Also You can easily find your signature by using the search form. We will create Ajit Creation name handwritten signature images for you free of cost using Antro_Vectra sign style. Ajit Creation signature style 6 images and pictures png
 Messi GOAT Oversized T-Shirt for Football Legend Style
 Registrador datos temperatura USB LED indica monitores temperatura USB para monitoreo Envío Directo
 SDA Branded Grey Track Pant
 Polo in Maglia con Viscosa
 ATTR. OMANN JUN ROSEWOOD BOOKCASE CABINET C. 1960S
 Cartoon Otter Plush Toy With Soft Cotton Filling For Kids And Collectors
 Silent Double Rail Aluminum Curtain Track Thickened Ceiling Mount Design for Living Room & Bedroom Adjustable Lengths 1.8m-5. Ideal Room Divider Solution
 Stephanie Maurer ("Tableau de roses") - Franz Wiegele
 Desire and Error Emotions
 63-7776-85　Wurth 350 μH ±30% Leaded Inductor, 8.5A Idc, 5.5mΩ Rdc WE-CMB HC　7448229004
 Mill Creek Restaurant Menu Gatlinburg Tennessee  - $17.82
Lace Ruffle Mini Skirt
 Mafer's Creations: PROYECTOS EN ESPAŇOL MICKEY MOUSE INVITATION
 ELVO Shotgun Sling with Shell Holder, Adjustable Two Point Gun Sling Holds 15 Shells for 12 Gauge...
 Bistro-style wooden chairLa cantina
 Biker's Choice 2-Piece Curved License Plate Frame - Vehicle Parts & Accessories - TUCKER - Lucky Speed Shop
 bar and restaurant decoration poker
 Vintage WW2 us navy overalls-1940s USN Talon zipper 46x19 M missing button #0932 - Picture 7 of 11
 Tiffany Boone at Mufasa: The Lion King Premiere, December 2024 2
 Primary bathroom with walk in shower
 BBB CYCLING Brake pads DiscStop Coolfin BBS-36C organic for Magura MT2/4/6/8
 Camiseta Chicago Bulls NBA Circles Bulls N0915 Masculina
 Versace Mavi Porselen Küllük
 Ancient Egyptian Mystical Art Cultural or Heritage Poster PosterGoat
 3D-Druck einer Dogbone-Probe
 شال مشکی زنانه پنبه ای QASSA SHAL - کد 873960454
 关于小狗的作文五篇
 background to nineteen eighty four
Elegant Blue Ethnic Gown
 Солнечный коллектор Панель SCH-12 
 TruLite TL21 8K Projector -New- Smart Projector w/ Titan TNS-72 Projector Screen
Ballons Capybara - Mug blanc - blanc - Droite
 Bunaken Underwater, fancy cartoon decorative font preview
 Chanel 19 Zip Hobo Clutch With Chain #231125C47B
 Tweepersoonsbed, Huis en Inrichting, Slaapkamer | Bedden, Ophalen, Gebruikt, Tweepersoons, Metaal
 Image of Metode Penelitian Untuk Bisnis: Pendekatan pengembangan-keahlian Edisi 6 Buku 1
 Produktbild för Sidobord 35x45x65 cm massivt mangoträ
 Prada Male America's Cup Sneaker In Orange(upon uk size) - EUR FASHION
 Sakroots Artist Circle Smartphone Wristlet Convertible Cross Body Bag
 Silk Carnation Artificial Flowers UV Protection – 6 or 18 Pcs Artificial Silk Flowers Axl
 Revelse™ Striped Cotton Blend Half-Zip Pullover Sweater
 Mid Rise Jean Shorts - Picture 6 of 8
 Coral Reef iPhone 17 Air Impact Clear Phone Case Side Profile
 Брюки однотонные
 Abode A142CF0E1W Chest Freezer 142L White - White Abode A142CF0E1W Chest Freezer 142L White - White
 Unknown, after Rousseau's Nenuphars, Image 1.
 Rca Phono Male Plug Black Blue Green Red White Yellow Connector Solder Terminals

### Work request
Please retype the data, matching it exactly.

### Answer to the problem
Also You can easily find your signature by using the search form. We will create Ajit Creation name handwritten signature images for you free of cost using Antro_Vectra sign style. Ajit Creation signature style 6 images and pictures png
 Messi GOAT Oversized T-Shirt for Football Legend Style
 Registrador datos temperatura USB LED indica monitores temperatura USB para monitoreo Envío Directo
 SDA Branded Grey Track Pant
 Polo in Maglia con Viscosa
 ATTR. OMANN JUN ROSEWOOD BOOKCASE CABINET C. 1960S
 Cartoon Otter Plush Toy With Soft Cotton Filling For Kids And Collectors
 Silent Double Rail Aluminum Curtain Track Thickened Ceiling Mount Design for Living Room & Bedroom Adjustable Lengths 1.8m-5. Ideal Room Divider Solution
 Stephanie Maurer ("Tableau de roses") - Franz Wiegele
 Desire and Error Emotions
 63-7776-85　Wurth 350 μH ±30% Leaded Inductor, 8.5A Idc, 5.5mΩ Rdc WE-CMB HC　7448229004
 Mill Creek Restaurant Menu Gatlinburg Tennessee  - $17.82
Lace Ruffle Mini Skirt
 Mafer's Creations: PROYECTOS EN ESPAŇOL MICKEY MOUSE INVITATION
 ELVO Shotgun Sling with Shell Holder, Adjustable Two Point Gun Sling Holds 15 Shells for 12 Gauge...
 Bistro-style wooden chairLa cantina
 Biker's Choice 2-Piece Curved License Plate Frame - Vehicle Parts & Accessories - TUCKER - Lucky Speed Shop
 bar and restaurant decoration poker
 Vintage WW2 us navy overalls-1940s USN Talon zipper 46x19 M missing button #0932 - Picture 7 of 11
 Tiffany Boone at Mufasa: The Lion King Premiere, December 2024 2
 Primary bathroom with walk in shower
 BBB CYCLING Brake pads DiscStop Coolfin BBS-36C organic for Magura MT2/4/6/8
 Camiseta Chicago Bulls NBA Circles Bulls N0915 Masculina
 Versace Mavi Porselen Küllük
 Ancient Egyptian Mystical Art Cultural or Heritage Poster PosterGoat
 3D-Druck einer Dogbone-Probe
 شال مشکی زنانه پنبه ای QASSA SHAL - کد 873960454
 关于小狗的作文五篇
 background to nineteen eighty four
Elegant Blue Ethnic Gown
 Солнечный коллектор Панель SCH-12 
 TruLite TL21 8K Projector -New- Smart Projector w/ Titan TNS-72 Projector Screen
Ballons Capybara - Mug blanc - blanc - Droite
 Bunaken Underwater, fancy cartoon decorative font preview
 Chanel 19 Zip Hobo Clutch With Chain #231125C47B
 Tweepersoonsbed, Huis en Inrichting, Slaapkamer | Bedden, Ophalen, Gebruikt, Tweepersoons, Metaal
 Image of Metode Penelitian Untuk Bisnis: Pendekatan pengembangan-keahlian Edisi 6 Buku 1
 Produktbild för Sidobord 35x45x65 cm massivt mangoträ
 Prada Male America's Cup Sneaker In Orange(upon uk size) - EUR FASHION
 Sakroots Artist Circle Smartphone Wristlet Convertible Cross Body Bag
 Silk Carnation Artificial Flowers UV Protection – 6 or 18 Pcs Artificial Silk Flowers Axl
 Revelse™ Striped Cotton Blend Half-Zip Pullover Sweater
 Mid Rise Jean Shorts - Picture 6 of 8
 Coral Reef iPhone 17 Air Impact Clear Phone Case Side Profile
 Брюки однотонные
 Abode A142CF0E1W Chest Freezer 142L White - White Abode A142CF0E1W Chest Freezer 142L White - White
 Unknown, after Rousseau's Nenuphars, Image 1.
 Rca Phono Male Plug Black Blue Green Red White Yellow Connector Solder Terminals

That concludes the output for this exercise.